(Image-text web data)
************
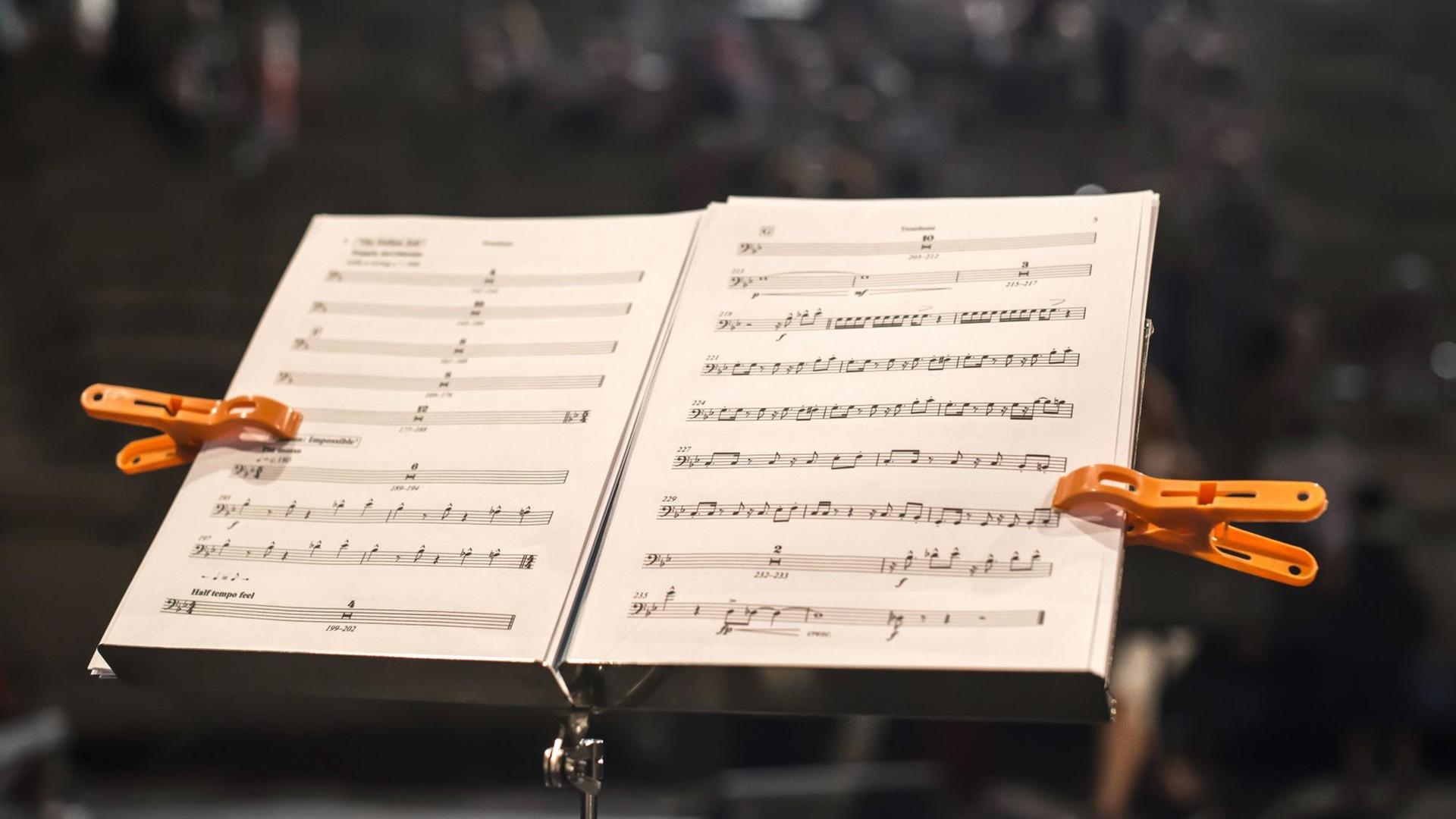 In der Kulturerbe-Liste: Lieder der deutschen Arbeiterbewegung. In der Kulturerbe-Liste: Lieder der deutschen Arbeiterbewegung.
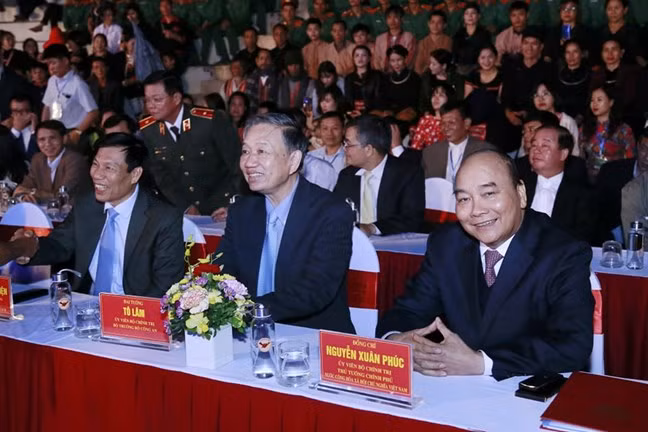 Thủ tướng Nguyễn Xuân Phúc và các đại biểu dự chương trình khai mạc Tuần “Đại đoàn kết các dân tộc - Di sản Văn hoá Việt Nam” năm 2019 - Ảnh: VGP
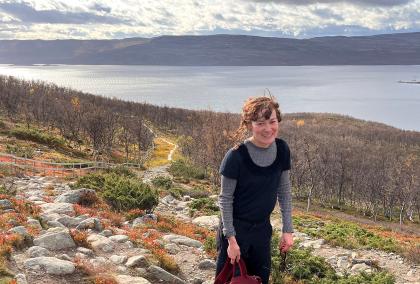 Eugenie Euskirchen at the fell Saana during a sunny fall day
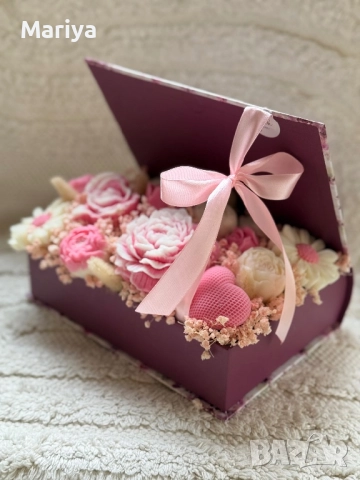 Букет в кутия - книга с цветя от соев восък и аромат. Розов цвят., снимка 4 - Изкуствени цветя - 51642132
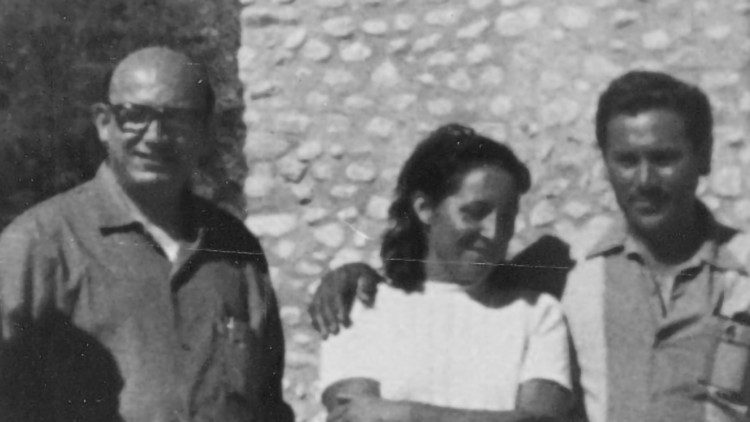 Con la moglie e mons. Angelelli Carletti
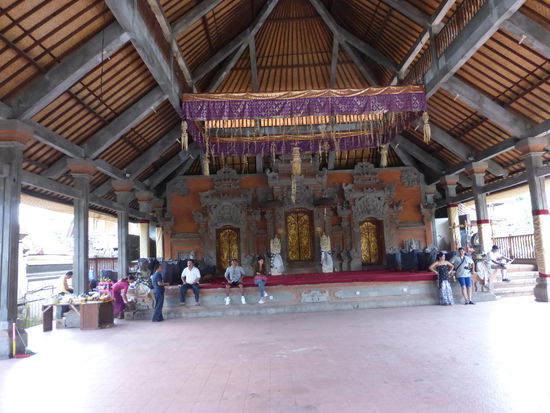 Östlich neben dem Pura Desa Tempel steht der Wantilan der Treffpunkt von Ubud ist für viele Veranstaltungen u.a. auch die typisch balinesischen Legong und Kecak Tänze die auch ich noch besuchen werde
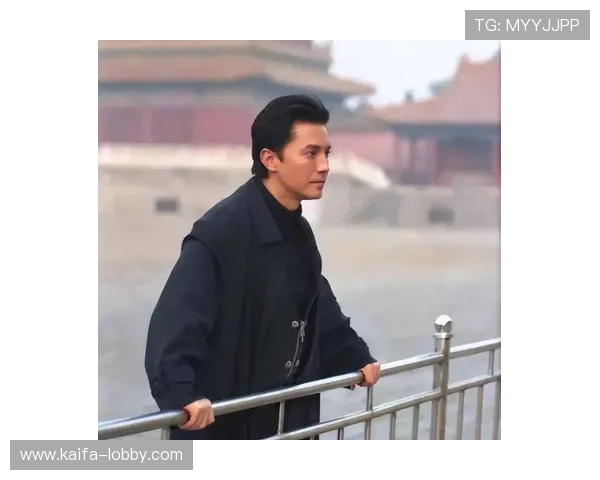 尊龙就是博:尊龙的生活哲学与他对事业的坚持与热爱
************
» WORK TO COMPLETE
Without including any picture, restate every entry above exactly.

» OUTPUT FOR THIS TASK
 In der Kulturerbe-Liste: Lieder der deutschen Arbeiterbewegung. In der Kulturerbe-Liste: Lieder der deutschen Arbeiterbewegung.
 Thủ tướng Nguyễn Xuân Phúc và các đại biểu dự chương trình khai mạc Tuần “Đại đoàn kết các dân tộc - Di sản Văn hoá Việt Nam” năm 2019 - Ảnh: VGP
 Eugenie Euskirchen at the fell Saana during a sunny fall day
 Букет в кутия - книга с цветя от соев восък и аромат. Розов цвят., снимка 4 - Изкуствени цветя - 51642132
 Con la moglie e mons. Angelelli Carletti
 Östlich neben dem Pura Desa Tempel steht der Wantilan der Treffpunkt von Ubud ist für viele Veranstaltungen u.a. auch die typisch balinesischen Legong und Kecak Tänze die auch ich noch besuchen werde
 尊龙就是博:尊龙的生活哲学与他对事业的坚持与热爱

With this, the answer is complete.